Bug 34435 - [4.3 Regression] SSE2 intrinsics - emmintrin with optimisations off and type conversion error
Summary: [4.3 Regression] SSE2 intrinsics - emmintrin with optimisations off and type ...
Status: RESOLVED FIXED
Alias: None
Product: gcc
Classification: Unclassified
Component: target (show other bugs)
Version: 4.3.0
: P1 normal
Target Milestone: 4.3.0
Assignee: Uroš Bizjak
URL: http://gcc.gnu.org/ml/gcc-patches/200...
Keywords: patch, rejects-valid
Depends on:
Blocks:
 
Reported: 2007-12-11 17:35 UTC by lo
Modified: 2007-12-13 18:20 UTC (History)
4 users (show)

See Also:
Host:
Target:
Build:
Known to work:
Known to fail:
Last reconfirmed: 2007-12-12 21:39:57


Attachments

Note You need to log in before you can comment on or make changes to this bug.
Description lo 2007-12-11 17:35:37 UTC
Using snapshot: gcc-4.3-20071109

Problem code follows:
///////
#include <emmintrin.h>

class Vec {
    __m128i vec;
public:
    Vec(int mm) {
        vec = _mm_set1_epi16(mm);
    }
    operator __m128i() const {
        return vec;
    }
};

int main() {
    _mm_shuffle_epi32(Vec(5), _MM_SHUFFLE(3,3,3,3));  // error
}
///////

This compiles fine with e.g. -O2, but with optimisations off, gcc reports "error: can't convert value to a vector".

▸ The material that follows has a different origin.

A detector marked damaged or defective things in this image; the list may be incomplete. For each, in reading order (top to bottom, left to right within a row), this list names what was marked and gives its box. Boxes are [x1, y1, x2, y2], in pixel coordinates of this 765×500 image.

This seems to be because a macro version of _mm_shuffle_epi32 is used when optimisations are off, and the type conversion from Vec to __mm128i can't happen for the first parameter.
Comment 1 Richard Biener 2007-12-12 09:55:10 UTC
Without optimization main() preprocesses to

int main() {
    ((__m128i)__builtin_ia32_pshufd ((__v4si)Vec(5), (((3) << 6) | ((3) << 4) | ((3) << 2) | (3))));
}


with optimization we get instead

int main() {
    _mm_shuffle_epi32(Vec(5), (((3) << 6) | ((3) << 4) | ((3) << 2) | (3)));
}

because with optimization we use an inline function instead of a macro.

Uros - it was you who changed that (and I see it may not be too easy to
make all parties happy here).  My suggestion is to force the same "argument"
type by doing

#define _mm_shuffle_epi32(__A, __B) \
  ((__m128i)__builtin_ia32_pshufd ((__v4si)(__m128i)__A, (int)__B))

instead of

#define _mm_shuffle_epi32(__A, __B) \
  ((__m128i)__builtin_ia32_pshufd ((__v4si)__A, __B))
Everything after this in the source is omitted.